How technology helps freezing city grow tomatoes all year round

How_technology_helps_freezing_city_grow_tomatoes_all_year_round
Greenhouse invented by a Japanese company allows what’s often called the coldest city on earth to grow tomatoes when temperatures drop to -50 Celsius. (Photo grabbed from Reuters video)

YAKUTSK, Russia (Reuters) — One of the coldest cities in the world could grow its own vegetables in Japanese-designed greenhouses in temperatures as low as minus 50 degrees Celsius.

Yakutsk, a city 5,000km from Moscow in eastern Siberia, has just five hours of daylight in the winter months and an average temperature of minus 34 degrees Celsius.
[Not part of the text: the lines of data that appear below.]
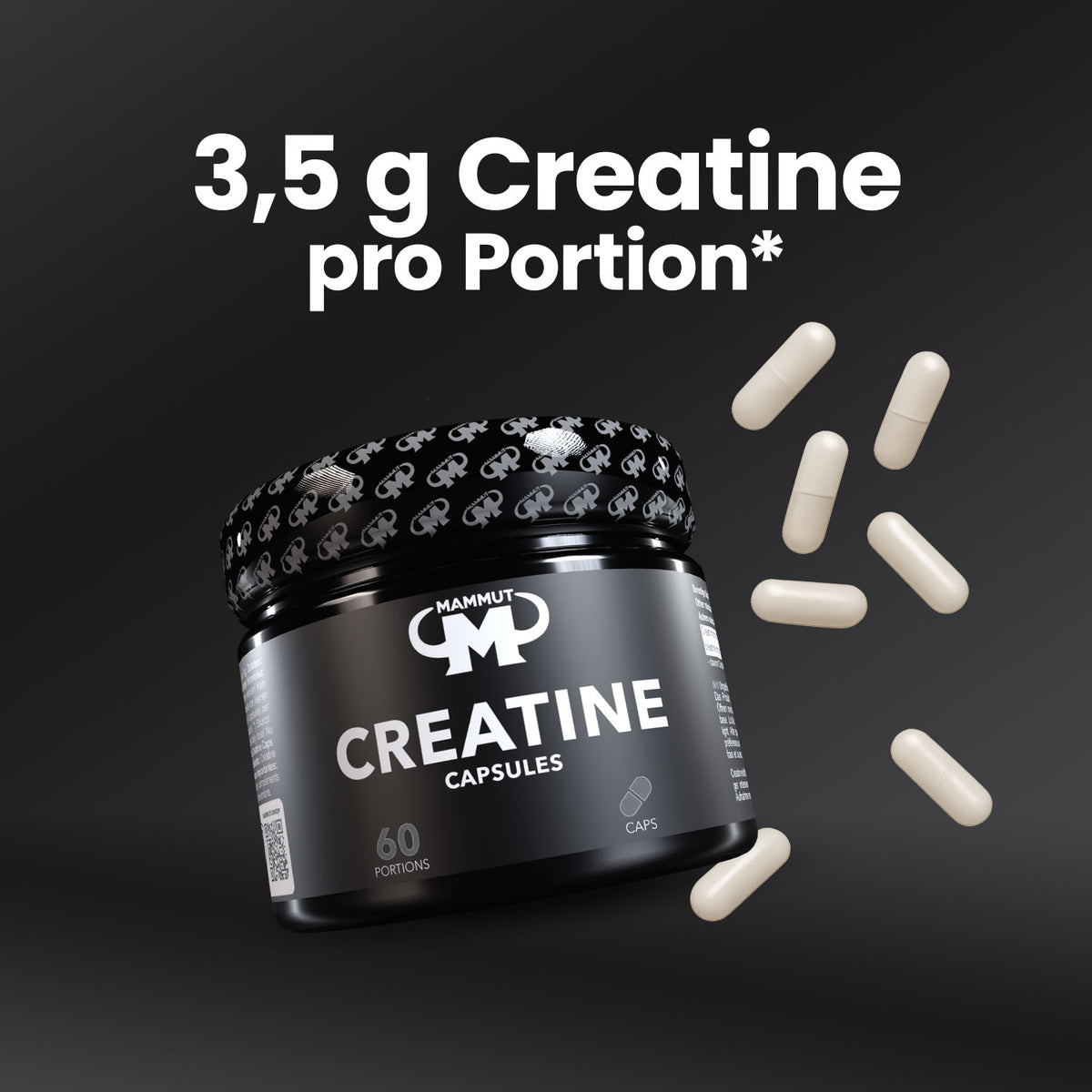 Creatine Caps - 240 Stück/Dose#_
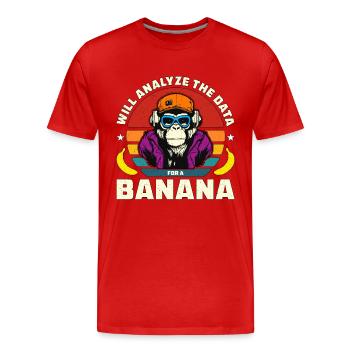 L’analyste de données analysera le codeur de l’analyste de données - T-shirt bio Premium Homme - rouge - Devant - Damien (186cm)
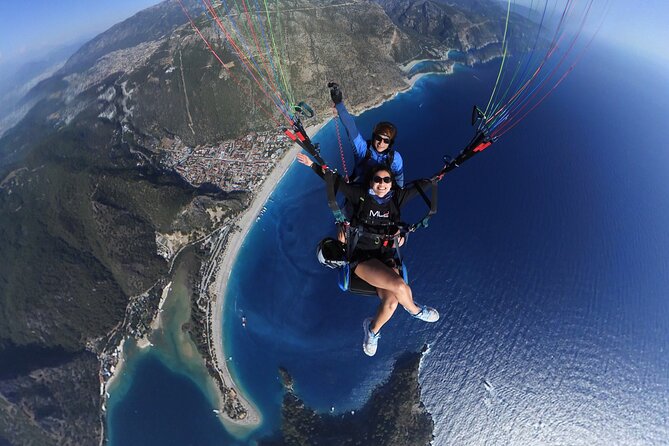 Tandem Paragliding Flight Experience Babadağ Mountain Fethiye - Getting ready at Babadağ’s launch point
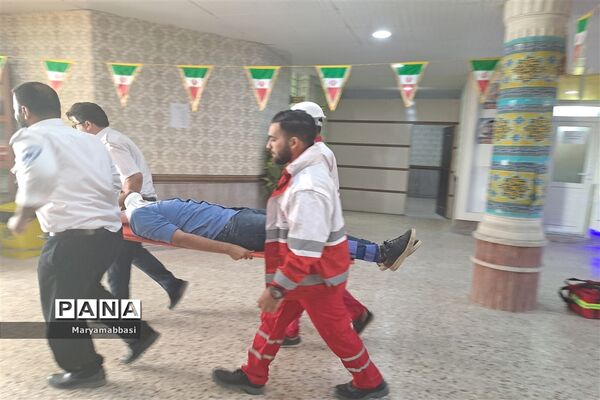 برگزاری پیش مانور عملیاتی بیست و چهارمین مانور سراسری زلزله و ایمنی در اهواز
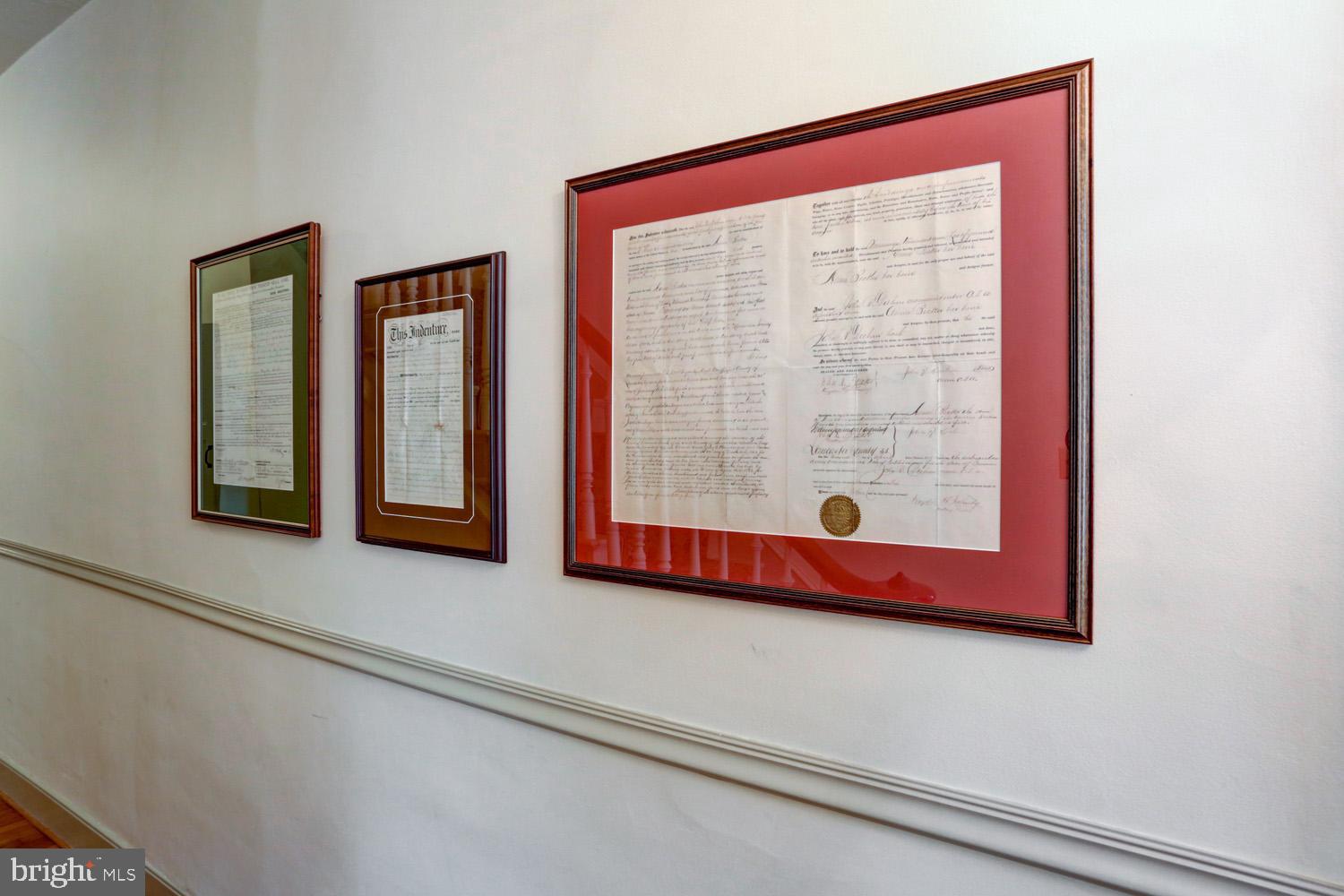 201 East Main Street Lititz, PA 17543 - Photo 13 of 78 Historical Documents in the Hallway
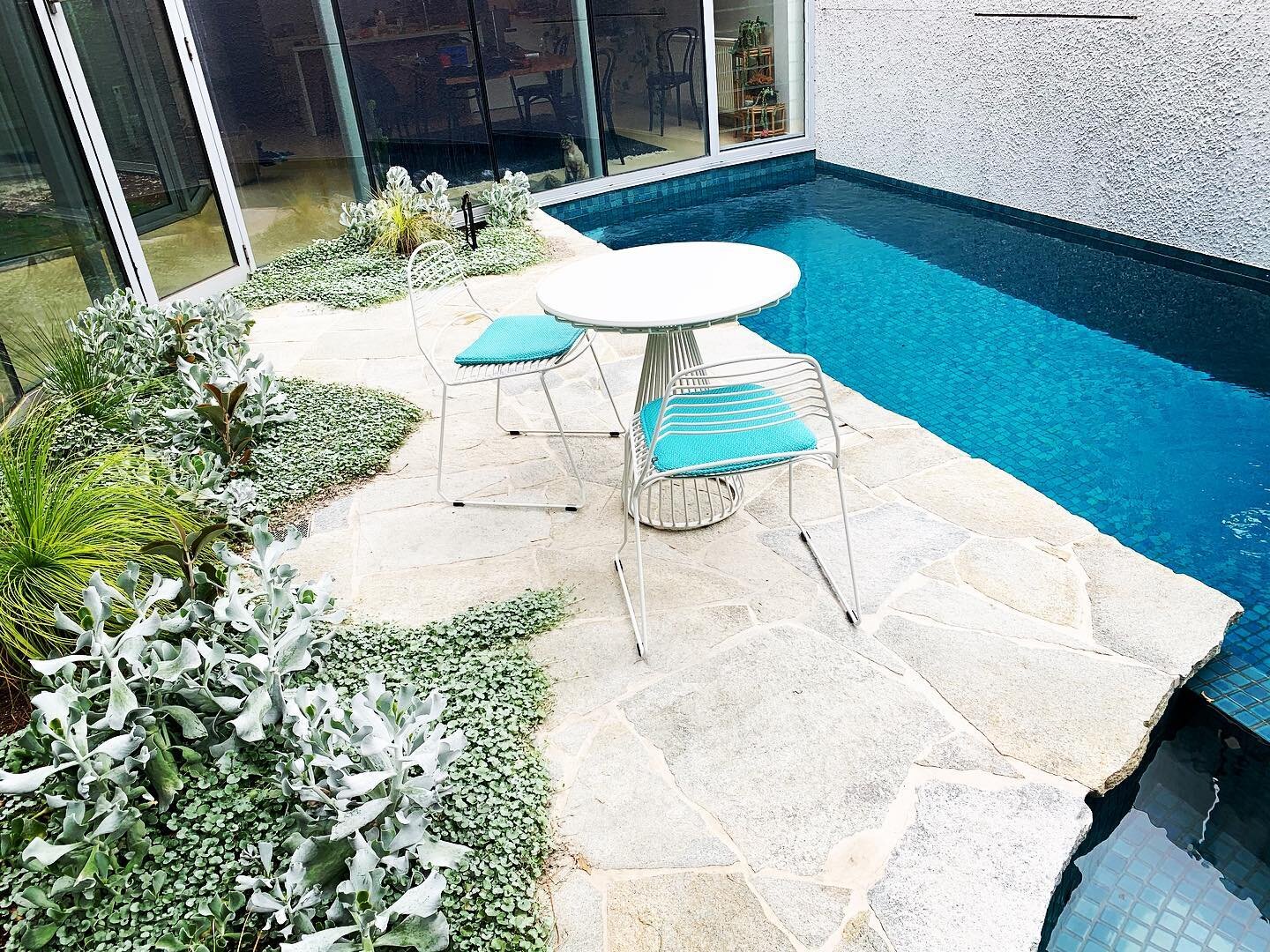 Brunswick Project
&bull;
Pool courtyard in the middle of the house. What a novel idea!
This little sanctuary is looked upon from all the habitable rooms of the home, meaning you can always view your escape from the everyday.
&bull;

Design @annabelle
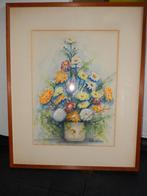 SCHILDERIJ MET BLOEMEN, Antiek en Kunst, Ophalen of Verzenden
No crops can be grown in the frozen soil.

The region’s authorities teamed up with partner Hokkaido Corporation to build the greenhouses using Japanese technology.

Tomatoes thrive in the greenhouse on the outskirts of the city and the authorities hope to expand the operation over 3.3 hectares of land.

Yakutsk’s mayor, Aisen Nikolaev, said he hoped the project would yield between 30 and 40 percent of demand in the city for tomatoes, cucumbers and greens.

“When the entire infrastructure is ready, when the first and the second of greenhouses are complete and we reach full capacity, then we plan to harvest around 1700 tonnes of cucumbers, more than 600 tonnes of tomatoes and around 25 tonnes of greens,” he told Reuters.

Until now produce had to be transported from Russia’s Krasnodar region or imported from China and agriculturalists responsible say the locally produced greenhouse tomatoes will be superior.

The greenhouse is specially developed to withstand the extreme cold. Three layers of a thin film made from the natural rubber caoutchouc, which has unique thermal insulation properties, were used. Nikolaev said the thin membrane can be stretched and withstand weights of up to seven tonnes. It is also more efficient in allowing sunlight through.

The temperature inside the greenhouses reaches around 23-25 Celsius, much warmer than the freezing outside air. The greenhouses also have a heating system, hot air blowers and warm ventilation.

Russia’s rich natural resources make it an ideal location for this kind of “smart” agriculture according to Hokkaido. The energy needed for the greenhouse’s climate control could be provided by natural gas and biomass available.